Not a whim: Try to write a python own neural network

First, what neural networks are? The human brain cell synapses by the hundreds of billions of interconnected (neurons) components. Synaptic incoming enough excitement can cause neuronal excitation. This process is called "thinking."

Write a simple neural network with 9 lines of Python?  Do you dare to believe?  It looks super-simple

 

We can write a neural network on a computer to simulate this process. In the biomolecular level does not need to simulate the human brain, only analog rule higher level. We use the matrix (two-dimensional data table) this mathematical tool, and for simplicity, only simulate a neuron three inputs and one output.

We will train neurons to solve the following problem. Examples of the former is referred to as four training set. You may find that the output is always equal to the input value in the leftmost column. and so'? 'Should be 1.

Write a simple neural network with 9 lines of Python?  Do you dare to believe?  It looks super-simple

 

Training process

But how to make our neurons answer correct? Given a weight to each input may be a positive or negative number. Have a large positive (or negative) weight input will determine the output neurons. Weight per weight of the first set a random number initial value, and then begin the training process:

  1. Take a sample of the training input, using the weight adjust their output neuron is calculated by a specific formula.
  2. Calculating an error, i.e. the difference between the expected output and training samples in neurons.
  3. The error is slightly adjust weights.
  4. This process is repeated 100,000 times.

 

Write a simple neural network with 9 lines of Python?  Do you dare to believe?  It looks super-simple

 

The final weight will become an optimal solution in line with the training set. If a neuron consider a new case of this law, it will give a good prediction.

This process is BP.

Output neuron formula

You might be thinking, what formula to calculate the neuron output is?
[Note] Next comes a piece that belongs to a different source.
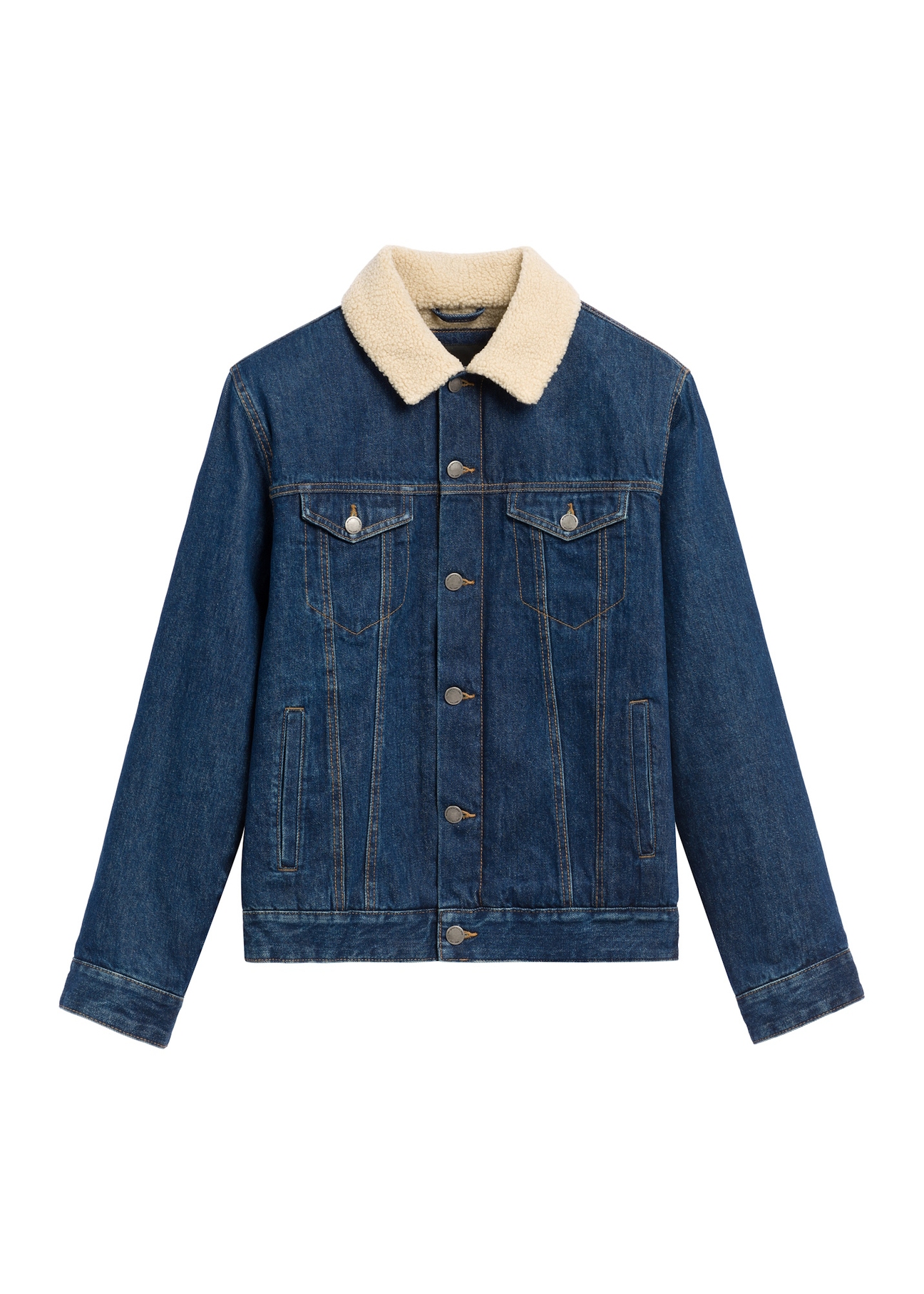 Men's navy blue denim jacket KURMT-0435-7C(Z26), front product view on white background.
First, calculating the weighted input and neurons, i.e.,

Write a simple neural network with 9 lines of Python?  Do you dare to believe?  It looks super-simple

 

Then make standardization, the results between 0 and 1. To do this using a mathematical function --Sigmoid functions:

Write a simple neural network with 9 lines of Python?  Do you dare to believe?  It looks super-simple

 

Sigmoid function is a pattern "S" shaped curve.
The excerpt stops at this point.